DATA EXCERPT:
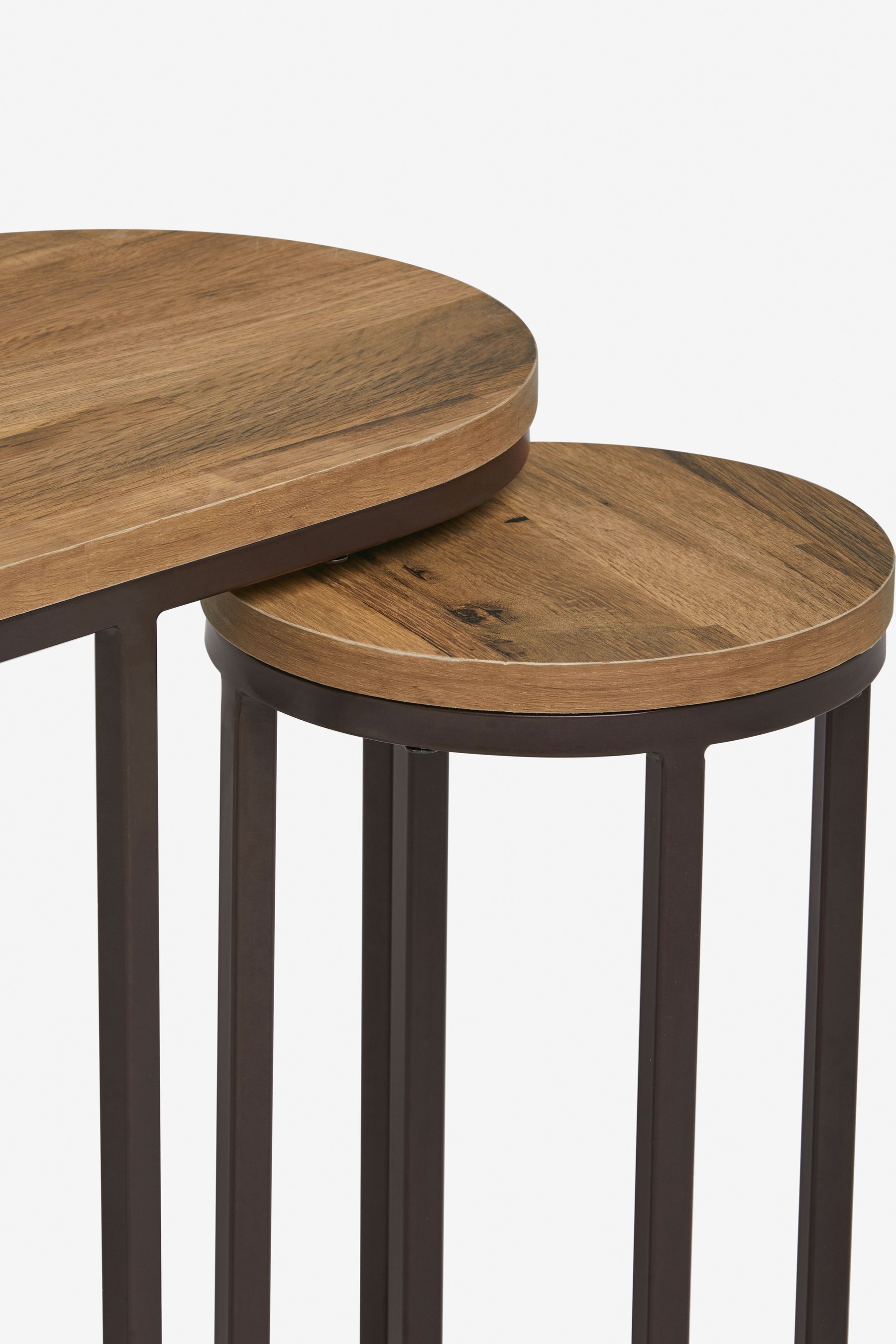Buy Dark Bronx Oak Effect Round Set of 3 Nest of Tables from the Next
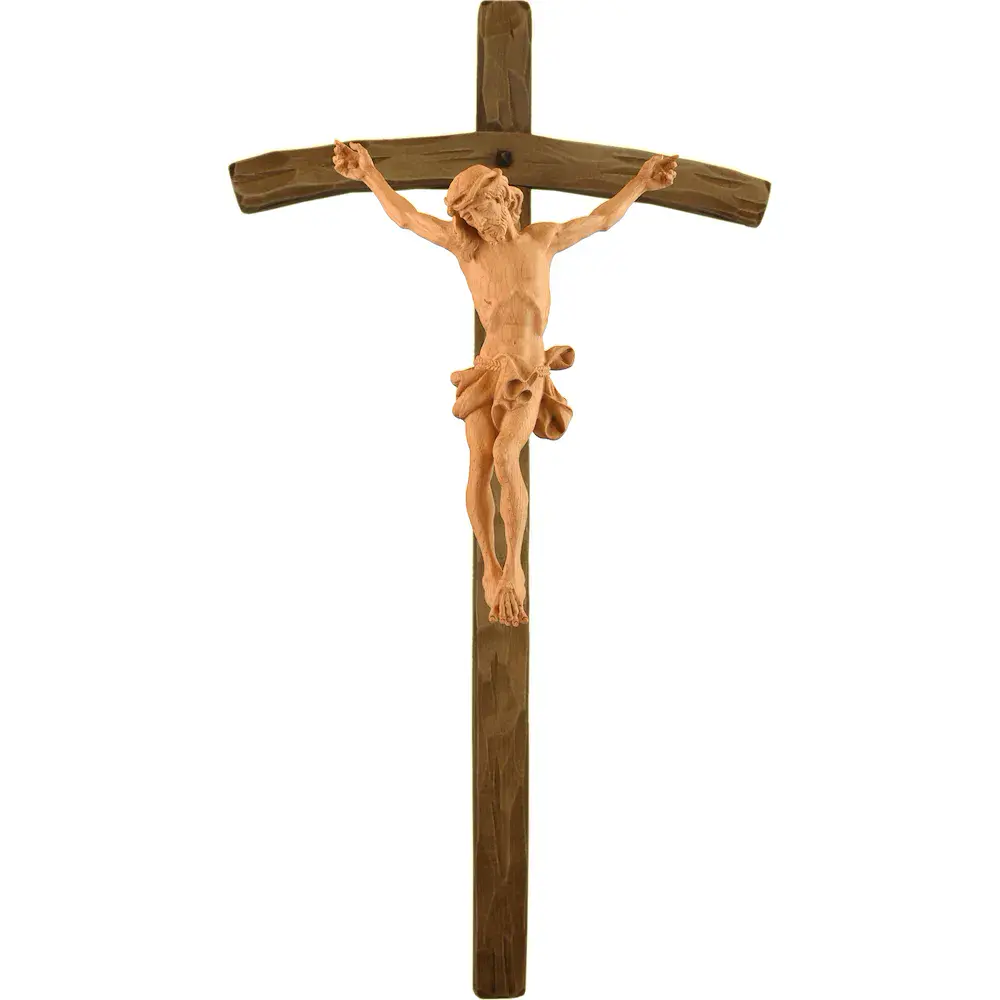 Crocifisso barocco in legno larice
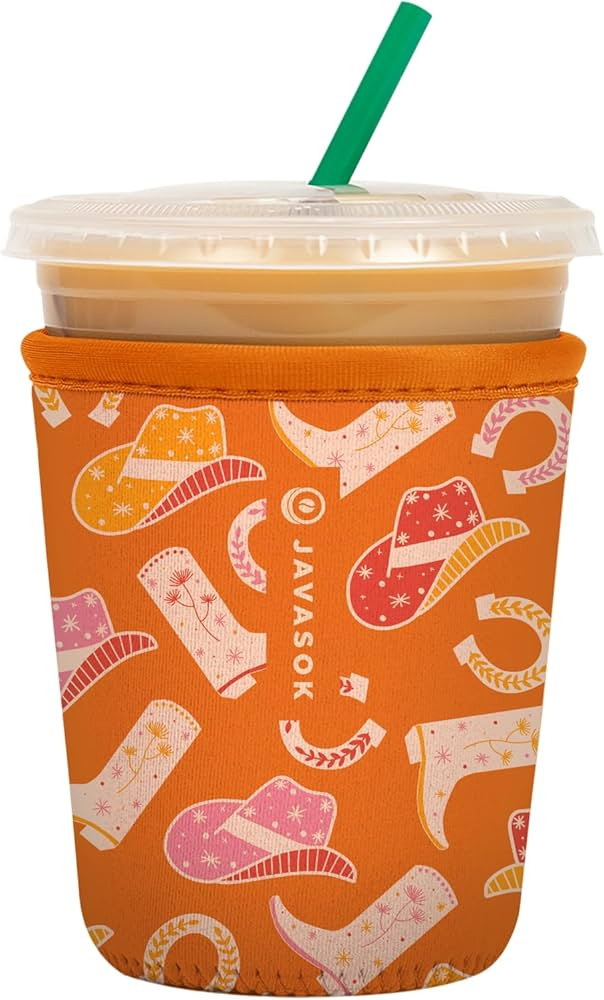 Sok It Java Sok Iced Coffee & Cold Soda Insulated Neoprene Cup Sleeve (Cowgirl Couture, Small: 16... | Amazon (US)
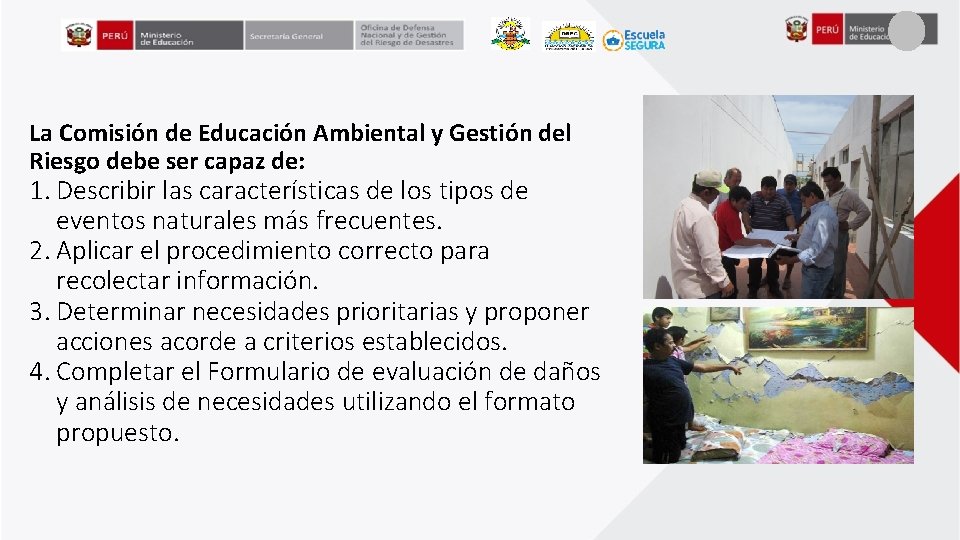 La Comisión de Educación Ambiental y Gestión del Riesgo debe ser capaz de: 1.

WHAT THIS TASK INVOLVES:
Each line of the data must be transcribed exactly; pictures are not carried over.

YOUR RESPONSE:
Buy Dark Bronx Oak Effect Round Set of 3 Nest of Tables from the Next
 Crocifisso barocco in legno larice
 Sok It Java Sok Iced Coffee & Cold Soda Insulated Neoprene Cup Sleeve (Cowgirl Couture, Small: 16... | Amazon (US)
 La Comisión de Educación Ambiental y Gestión del Riesgo debe ser capaz de: 1.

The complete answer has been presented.